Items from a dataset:
- - - - - - -
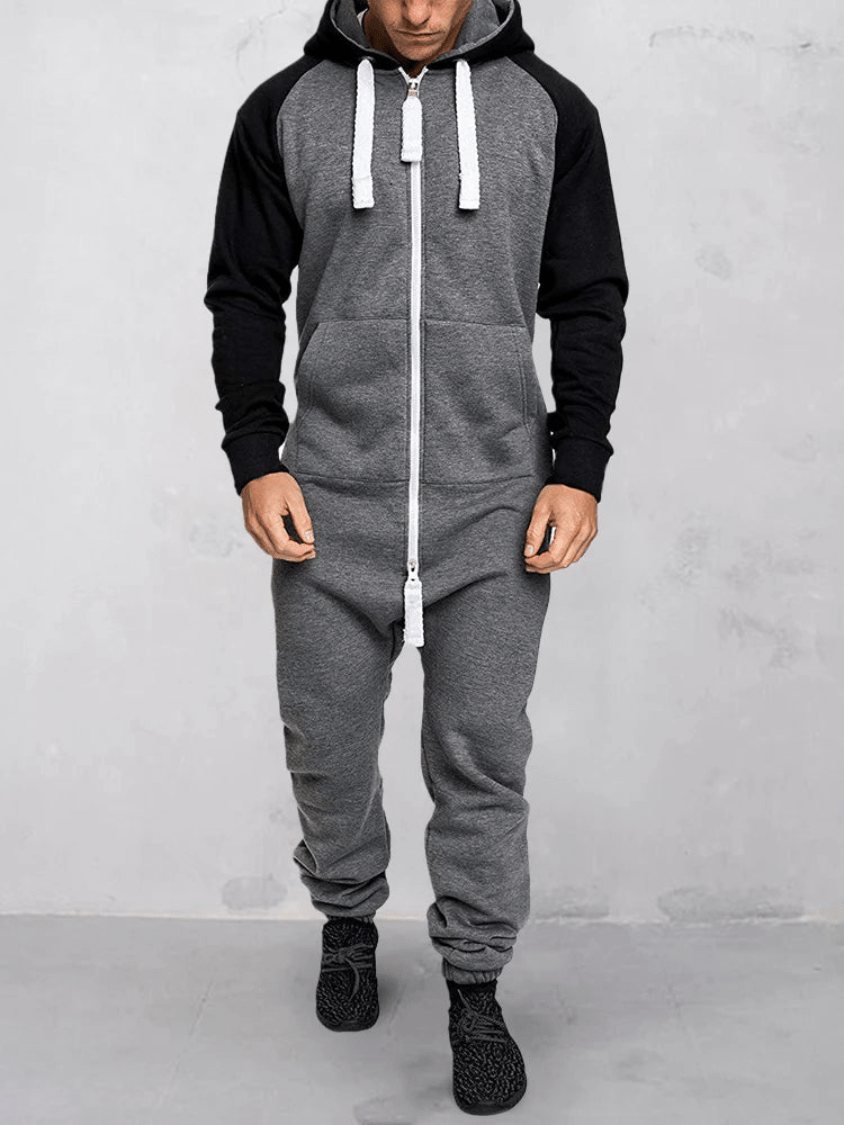 Levoire | Combinaison Sport Capuche Homme Gris-Blanc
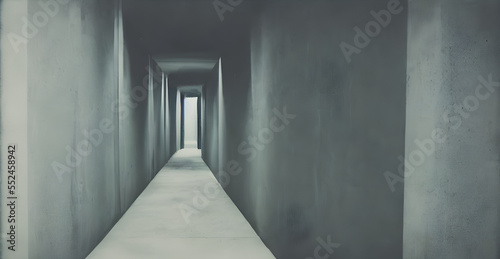 Ai Digital Illustration Old Photo of an Hallway Tunnel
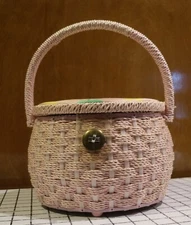 VTG Pink Round Sewing Basket + tray + contents 1970's Lined Japan 9"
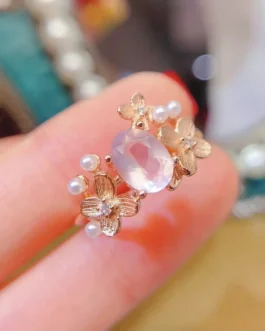 Natural Rose Quartz Statement Ring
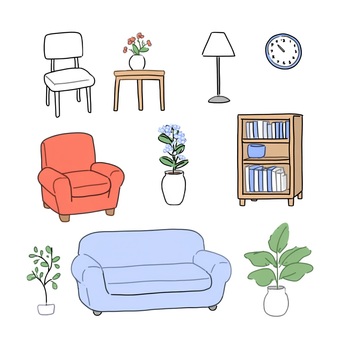 リビングルームとソファのイラストセット
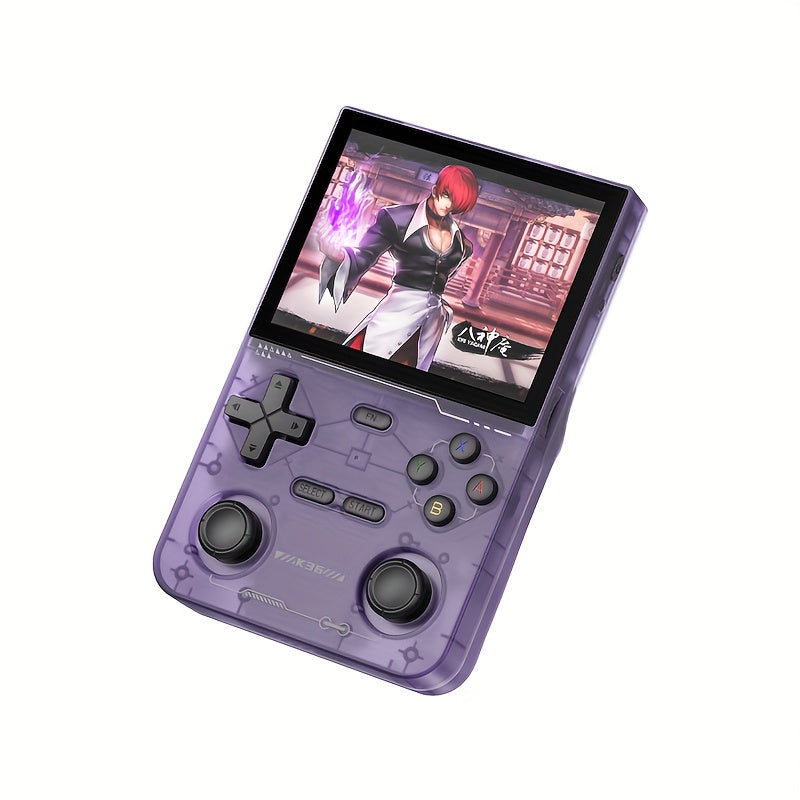 جهاز ألعاب محمول يدوي مع عصري ثنائي 3D، بطاقة ذاكرة 64 جيجابايت، زرين خلفيين L/R مُحدثان حديثًا، شاشة ملونة عالية الدقة بحجم 3.5 بوصة، مقبض مريح، سهل الحمل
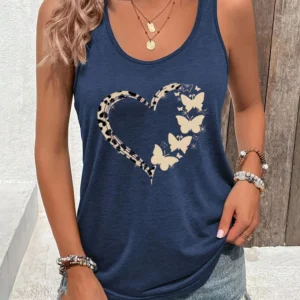 Woman Racerback Tank Top Leopard Butterfly Print Sexy Tops Butterfly Lover Gift Summer Outfit Heart Leopard Print Summer Tanks
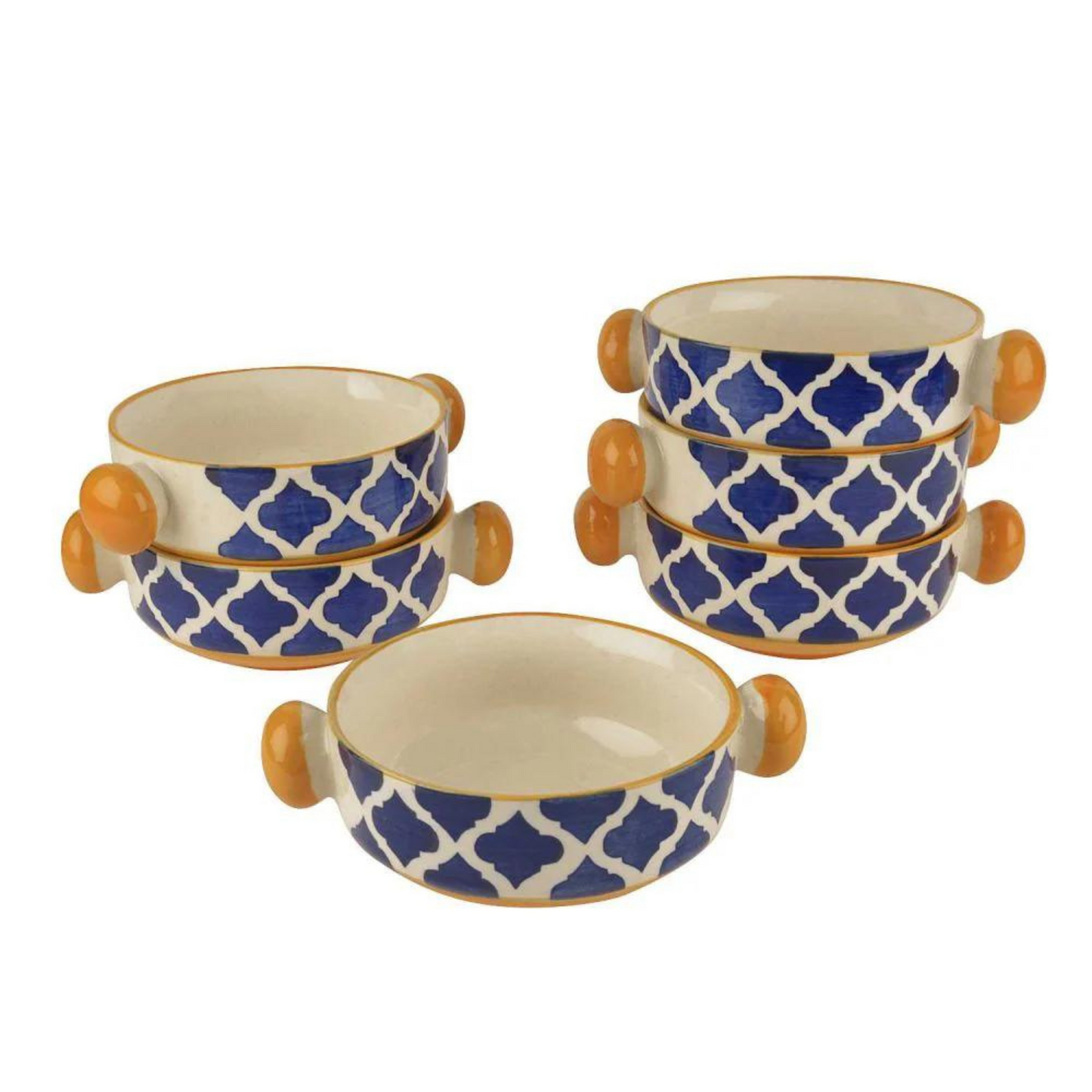 RAJ ROYAL Hand painted Blue Pottery Mughal Design Ceramic Soup Bowl with Handle - Set of 6 | Dessert Bowls | Cereal Bowls | Serving Bowls |Soup Bowls Set with Handle / Maggi Bowls (300 ML Each)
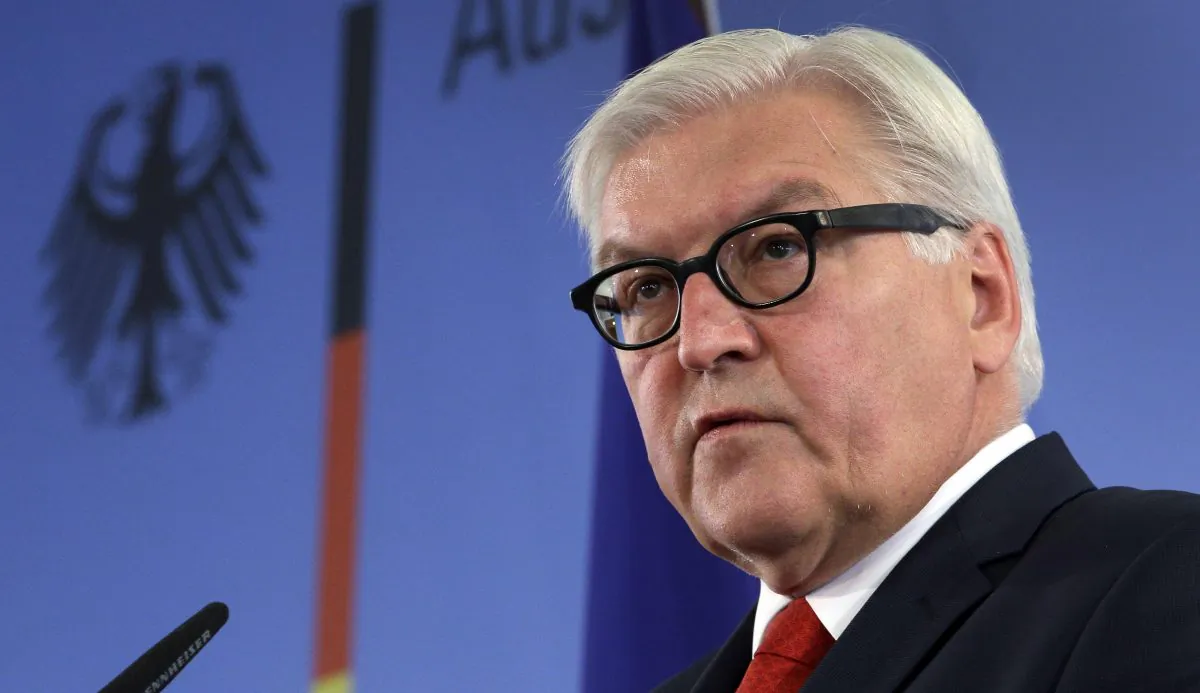 German Foreign Minister Frank-Walter Steinmeier address the media during a statement at the Foreign Ministry in Berlin, Germany, Friday, July 11, 2014. (AP Photo/Michael Sohn)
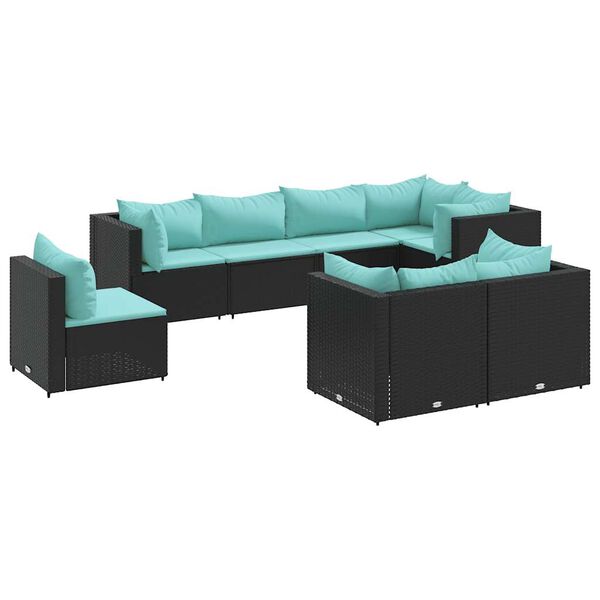 vidaXL 8-tlg. Garten-Lounge-Set mit Kissen Schwarz Poly Rattan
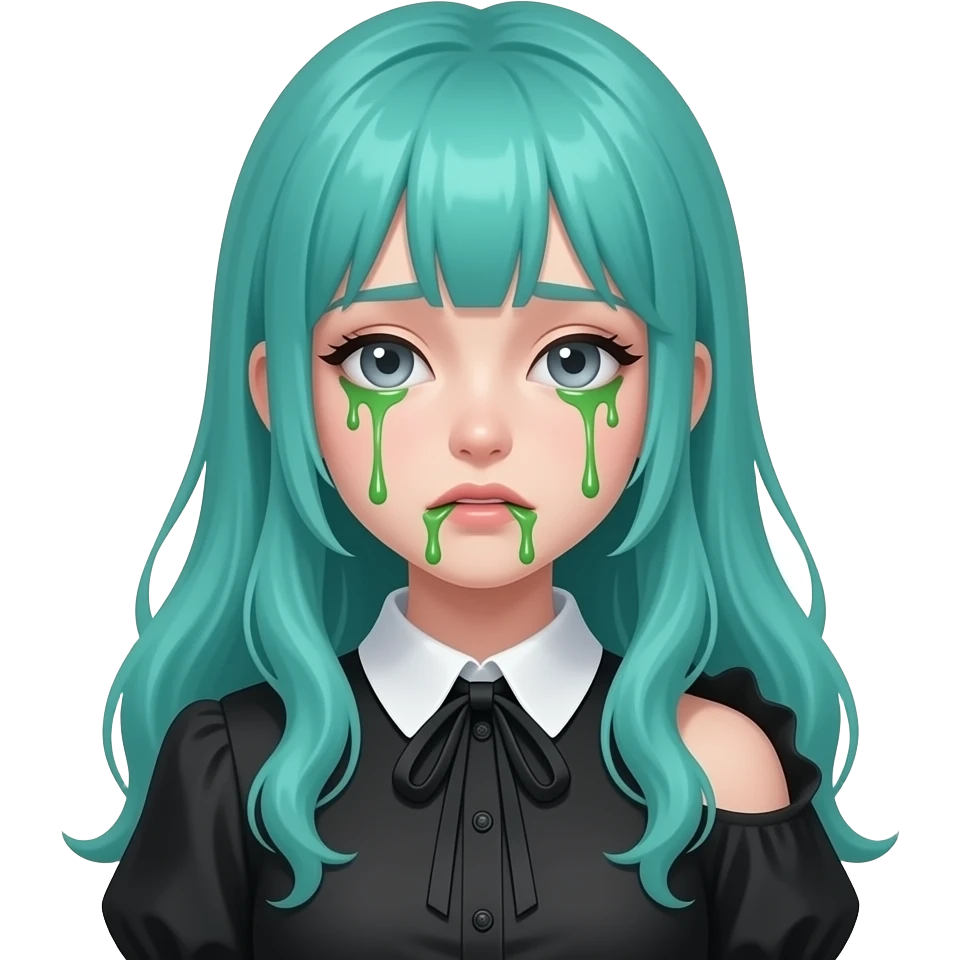 girl, sick, lot of green drool, long flowing teal hair, grey eyes, black shoulder cyberpunk blouse with fancy white collar emoji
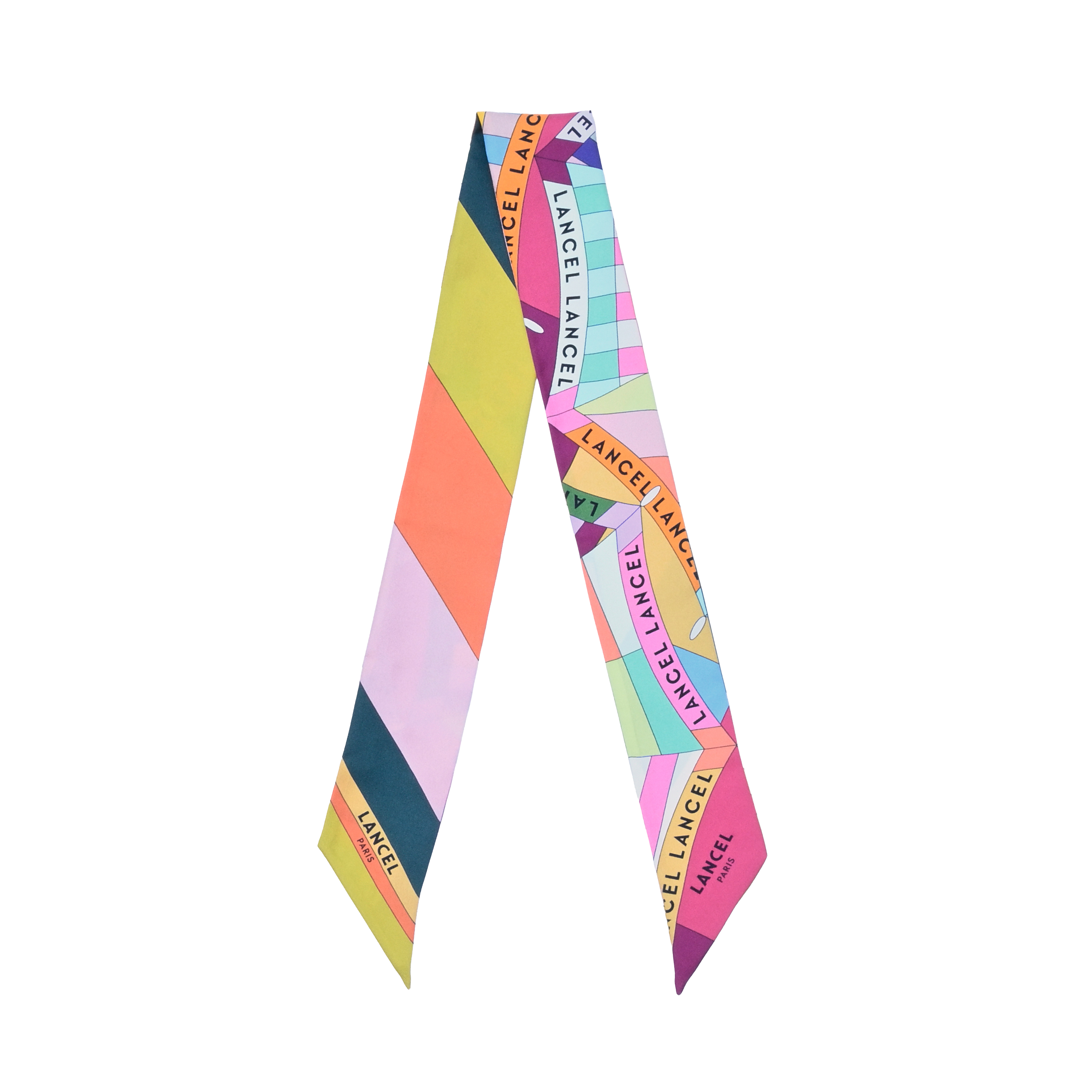 Bandeau de soie motif parasol en soie LANCEL Multicolore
- - - - - - -
Retype the data shown above exactly, excluding any picture it contains.

 Levoire | Combinaison Sport Capuche Homme Gris-Blanc
 Ai Digital Illustration Old Photo of an Hallway Tunnel
 VTG Pink Round Sewing Basket + tray + contents 1970's Lined Japan 9"
 Natural Rose Quartz Statement Ring
 リビングルームとソファのイラストセット
 جهاز ألعاب محمول يدوي مع عصري ثنائي 3D، بطاقة ذاكرة 64 جيجابايت، زرين خلفيين L/R مُحدثان حديثًا، شاشة ملونة عالية الدقة بحجم 3.5 بوصة، مقبض مريح، سهل الحمل
 Woman Racerback Tank Top Leopard Butterfly Print Sexy Tops Butterfly Lover Gift Summer Outfit Heart Leopard Print Summer Tanks
 RAJ ROYAL Hand painted Blue Pottery Mughal Design Ceramic Soup Bowl with Handle - Set of 6 | Dessert Bowls | Cereal Bowls | Serving Bowls |Soup Bowls Set with Handle / Maggi Bowls (300 ML Each)
 German Foreign Minister Frank-Walter Steinmeier address the media during a statement at the Foreign Ministry in Berlin, Germany, Friday, July 11, 2014. (AP Photo/Michael Sohn)
 vidaXL 8-tlg. Garten-Lounge-Set mit Kissen Schwarz Poly Rattan
 girl, sick, lot of green drool, long flowing teal hair, grey eyes, black shoulder cyberpunk blouse with fancy white collar emoji
 Bandeau de soie motif parasol en soie LANCEL Multicolore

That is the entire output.